DATA SHOWN:
Content starts
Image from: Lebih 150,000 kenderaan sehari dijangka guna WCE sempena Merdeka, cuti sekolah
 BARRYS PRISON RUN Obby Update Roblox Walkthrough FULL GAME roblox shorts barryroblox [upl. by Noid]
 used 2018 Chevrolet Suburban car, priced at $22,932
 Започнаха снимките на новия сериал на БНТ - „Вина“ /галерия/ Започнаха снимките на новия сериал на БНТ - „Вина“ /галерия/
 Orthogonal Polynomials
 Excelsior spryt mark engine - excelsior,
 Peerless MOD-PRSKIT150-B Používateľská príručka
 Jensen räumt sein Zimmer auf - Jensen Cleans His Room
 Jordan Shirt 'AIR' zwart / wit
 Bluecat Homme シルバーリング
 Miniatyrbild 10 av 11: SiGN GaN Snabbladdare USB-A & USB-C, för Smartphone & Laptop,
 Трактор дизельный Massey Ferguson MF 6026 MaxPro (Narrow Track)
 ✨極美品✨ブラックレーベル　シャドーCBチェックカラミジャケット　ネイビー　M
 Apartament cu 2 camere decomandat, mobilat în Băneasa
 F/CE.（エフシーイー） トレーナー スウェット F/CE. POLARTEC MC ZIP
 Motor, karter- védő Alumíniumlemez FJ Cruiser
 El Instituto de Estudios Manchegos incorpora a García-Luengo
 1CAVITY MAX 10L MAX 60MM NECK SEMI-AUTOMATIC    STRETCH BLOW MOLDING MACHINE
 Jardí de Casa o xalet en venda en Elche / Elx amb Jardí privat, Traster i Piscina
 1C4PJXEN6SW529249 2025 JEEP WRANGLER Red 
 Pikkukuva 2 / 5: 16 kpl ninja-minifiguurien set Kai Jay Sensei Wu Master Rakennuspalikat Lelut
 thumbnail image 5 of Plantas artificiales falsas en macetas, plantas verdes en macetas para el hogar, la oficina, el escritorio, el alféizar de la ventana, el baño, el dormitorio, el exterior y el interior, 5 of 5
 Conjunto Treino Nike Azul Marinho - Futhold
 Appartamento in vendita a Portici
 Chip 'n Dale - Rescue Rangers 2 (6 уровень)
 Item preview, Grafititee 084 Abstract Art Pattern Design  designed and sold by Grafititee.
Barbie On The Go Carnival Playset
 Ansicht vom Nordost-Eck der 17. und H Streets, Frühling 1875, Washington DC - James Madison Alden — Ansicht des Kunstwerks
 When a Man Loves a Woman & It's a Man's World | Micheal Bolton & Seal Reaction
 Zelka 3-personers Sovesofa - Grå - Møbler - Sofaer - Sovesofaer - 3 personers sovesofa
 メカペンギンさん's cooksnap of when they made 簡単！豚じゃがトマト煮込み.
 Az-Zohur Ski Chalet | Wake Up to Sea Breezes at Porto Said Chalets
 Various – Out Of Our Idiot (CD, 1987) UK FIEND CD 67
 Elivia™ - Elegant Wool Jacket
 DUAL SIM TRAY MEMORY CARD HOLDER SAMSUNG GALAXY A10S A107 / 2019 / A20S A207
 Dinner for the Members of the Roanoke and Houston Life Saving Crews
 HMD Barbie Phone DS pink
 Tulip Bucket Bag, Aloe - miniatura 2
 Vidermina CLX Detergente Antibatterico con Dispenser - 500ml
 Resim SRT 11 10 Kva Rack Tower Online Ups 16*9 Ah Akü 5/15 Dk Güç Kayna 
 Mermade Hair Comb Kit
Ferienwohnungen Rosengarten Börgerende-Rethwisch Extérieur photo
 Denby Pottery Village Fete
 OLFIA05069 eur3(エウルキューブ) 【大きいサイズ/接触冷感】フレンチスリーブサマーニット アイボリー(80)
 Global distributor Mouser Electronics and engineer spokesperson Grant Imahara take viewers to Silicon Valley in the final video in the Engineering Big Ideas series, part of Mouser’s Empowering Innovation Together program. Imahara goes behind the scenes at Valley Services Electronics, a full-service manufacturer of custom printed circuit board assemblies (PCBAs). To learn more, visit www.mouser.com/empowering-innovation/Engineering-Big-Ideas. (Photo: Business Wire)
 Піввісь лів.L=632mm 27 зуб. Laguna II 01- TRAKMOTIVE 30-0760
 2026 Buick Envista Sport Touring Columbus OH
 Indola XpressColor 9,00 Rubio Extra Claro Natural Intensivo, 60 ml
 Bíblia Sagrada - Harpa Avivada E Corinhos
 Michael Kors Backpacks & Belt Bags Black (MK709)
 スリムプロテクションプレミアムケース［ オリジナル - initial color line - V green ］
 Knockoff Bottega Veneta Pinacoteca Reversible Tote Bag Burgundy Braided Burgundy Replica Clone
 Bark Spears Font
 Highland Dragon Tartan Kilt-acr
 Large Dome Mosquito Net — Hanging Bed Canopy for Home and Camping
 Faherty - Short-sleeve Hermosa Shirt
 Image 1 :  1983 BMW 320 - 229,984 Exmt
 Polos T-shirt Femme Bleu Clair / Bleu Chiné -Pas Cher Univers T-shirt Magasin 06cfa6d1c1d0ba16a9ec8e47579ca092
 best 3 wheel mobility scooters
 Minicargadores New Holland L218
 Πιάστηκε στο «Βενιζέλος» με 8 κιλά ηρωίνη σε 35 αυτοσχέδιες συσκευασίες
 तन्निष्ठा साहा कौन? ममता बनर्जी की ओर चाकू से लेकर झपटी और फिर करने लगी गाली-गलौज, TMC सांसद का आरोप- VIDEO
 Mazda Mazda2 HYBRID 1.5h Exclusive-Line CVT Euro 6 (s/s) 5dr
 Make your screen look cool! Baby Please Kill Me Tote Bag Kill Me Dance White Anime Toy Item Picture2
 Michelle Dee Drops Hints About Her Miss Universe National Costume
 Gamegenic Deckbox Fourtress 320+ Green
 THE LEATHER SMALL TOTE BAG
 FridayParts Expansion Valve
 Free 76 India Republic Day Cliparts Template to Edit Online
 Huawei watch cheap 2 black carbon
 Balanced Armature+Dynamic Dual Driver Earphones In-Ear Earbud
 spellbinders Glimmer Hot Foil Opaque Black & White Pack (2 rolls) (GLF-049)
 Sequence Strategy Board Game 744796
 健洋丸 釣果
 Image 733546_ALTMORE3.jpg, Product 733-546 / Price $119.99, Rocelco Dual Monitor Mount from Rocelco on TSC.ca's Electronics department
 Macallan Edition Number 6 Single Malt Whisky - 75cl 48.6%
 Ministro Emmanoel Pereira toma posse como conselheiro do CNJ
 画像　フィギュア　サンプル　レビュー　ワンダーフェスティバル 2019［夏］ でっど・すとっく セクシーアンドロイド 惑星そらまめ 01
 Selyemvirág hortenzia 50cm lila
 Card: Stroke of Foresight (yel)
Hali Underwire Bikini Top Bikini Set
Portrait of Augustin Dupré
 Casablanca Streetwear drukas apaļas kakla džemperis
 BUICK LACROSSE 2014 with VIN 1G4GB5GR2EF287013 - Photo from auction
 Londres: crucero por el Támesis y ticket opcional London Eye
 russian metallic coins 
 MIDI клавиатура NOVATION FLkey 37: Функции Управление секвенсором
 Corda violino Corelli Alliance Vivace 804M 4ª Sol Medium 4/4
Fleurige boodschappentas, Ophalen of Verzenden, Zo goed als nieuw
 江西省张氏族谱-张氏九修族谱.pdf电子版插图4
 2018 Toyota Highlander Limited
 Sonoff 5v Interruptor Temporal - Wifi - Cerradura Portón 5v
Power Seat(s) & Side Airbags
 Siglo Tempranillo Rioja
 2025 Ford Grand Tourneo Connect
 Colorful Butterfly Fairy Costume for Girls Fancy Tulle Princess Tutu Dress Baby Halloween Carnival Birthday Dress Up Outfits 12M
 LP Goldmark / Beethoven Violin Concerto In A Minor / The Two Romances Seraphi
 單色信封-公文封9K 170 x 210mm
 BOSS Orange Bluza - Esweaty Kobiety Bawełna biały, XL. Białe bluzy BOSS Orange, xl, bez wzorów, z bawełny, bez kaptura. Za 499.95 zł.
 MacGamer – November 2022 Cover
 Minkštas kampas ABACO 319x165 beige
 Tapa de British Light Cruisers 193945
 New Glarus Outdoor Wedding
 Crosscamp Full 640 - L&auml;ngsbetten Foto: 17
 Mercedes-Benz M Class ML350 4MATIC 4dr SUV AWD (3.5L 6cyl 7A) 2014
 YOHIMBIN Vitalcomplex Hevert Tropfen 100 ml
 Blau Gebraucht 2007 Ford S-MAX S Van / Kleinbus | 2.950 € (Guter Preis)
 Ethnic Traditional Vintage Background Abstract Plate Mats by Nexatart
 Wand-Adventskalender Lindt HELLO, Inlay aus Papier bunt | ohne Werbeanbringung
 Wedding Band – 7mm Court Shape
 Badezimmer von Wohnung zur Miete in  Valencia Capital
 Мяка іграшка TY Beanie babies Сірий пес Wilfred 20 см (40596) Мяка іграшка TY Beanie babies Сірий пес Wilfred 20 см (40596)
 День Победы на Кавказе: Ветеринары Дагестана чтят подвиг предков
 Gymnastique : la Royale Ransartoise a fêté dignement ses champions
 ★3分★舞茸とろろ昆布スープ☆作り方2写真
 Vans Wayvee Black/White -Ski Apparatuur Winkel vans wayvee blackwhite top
Content ends
EXERCISE: Your response should hold the lines from the first line of the entries above through the line with "used 2018 Chevrolet", each retyped exactly, and nothing else.

RESPONSE TO THIS TASK:
Image from: Lebih 150,000 kenderaan sehari dijangka guna WCE sempena Merdeka, cuti sekolah
 BARRYS PRISON RUN Obby Update Roblox Walkthrough FULL GAME roblox shorts barryroblox [upl. by Noid]
 used 2018 Chevrolet Suburban car, priced at $22,932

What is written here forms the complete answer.